PARIS (AP) — This felt like a game Coco Gauff simply needed to claim if she intended to finally win a set, let alone a match, against No. 1 Iga Swiatek.
With shouts of “Go, Coco!” and “Allez, Coco!” emanating from the Court Philippe Chatrier stands, Gauff frittered away two break points as Swiatek served at 1-all. Then, at deuce, came the most memorable moment of Wednesday afternoon — and, while Gauff won the point, it soon would be Swiatek who seized complete control of this French Open quarterfinal that was a rematch of last year’s final.
During a 14-stroke exchange, both women made their way to the net, and Gauff directed a swinging backhand volley right at Swiatek.
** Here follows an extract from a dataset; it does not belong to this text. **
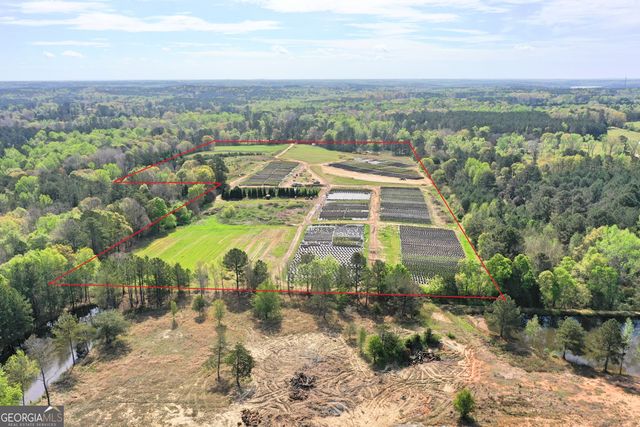 6039 Walker Bennett Road, Loganville, GA 30052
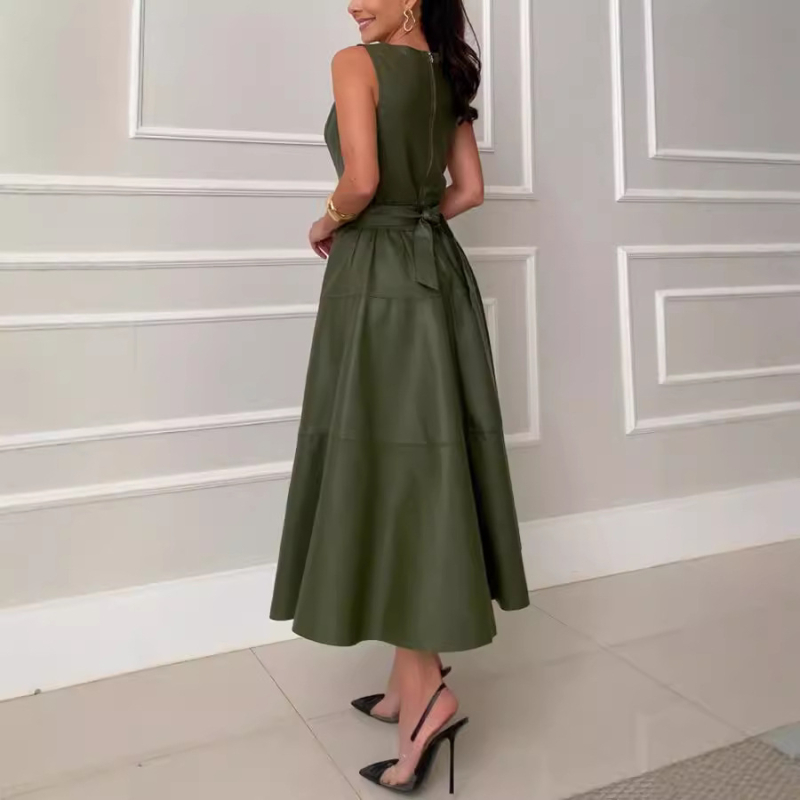 Rochie din PU piele cu amestec de poliester, lungime midi, croială A-line, guler rotund, fără mâneci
The ball struck Swiatek’s right leg, and she tumbled back onto the red clay, leaving rust remnants on her white dress and arm. That set up a third break chance for Gauff, but the 19-year-old American again failed to convert, and while it soon was 2-all, Swiatek pulled away from there to a 6-4, 6-2 victory.
“I didn’t try to hit her. I was just trying to hit the ball hard in the middle of the court, and it happened to hit her, obviously. I apologized after, but I think she knows that’s part of the game. If you hit a bad ball and you decide to run to the net, there’s always a risk that you get hit — and there’s always the risk that the person might miss, trying to avoid you,” Gauff said. “If I was in her position, I wouldn’t be mad at me, either, because she ran forward. I think when I said sorry, she shook her head, and we had a mutual understanding that that was the only shot I really had.”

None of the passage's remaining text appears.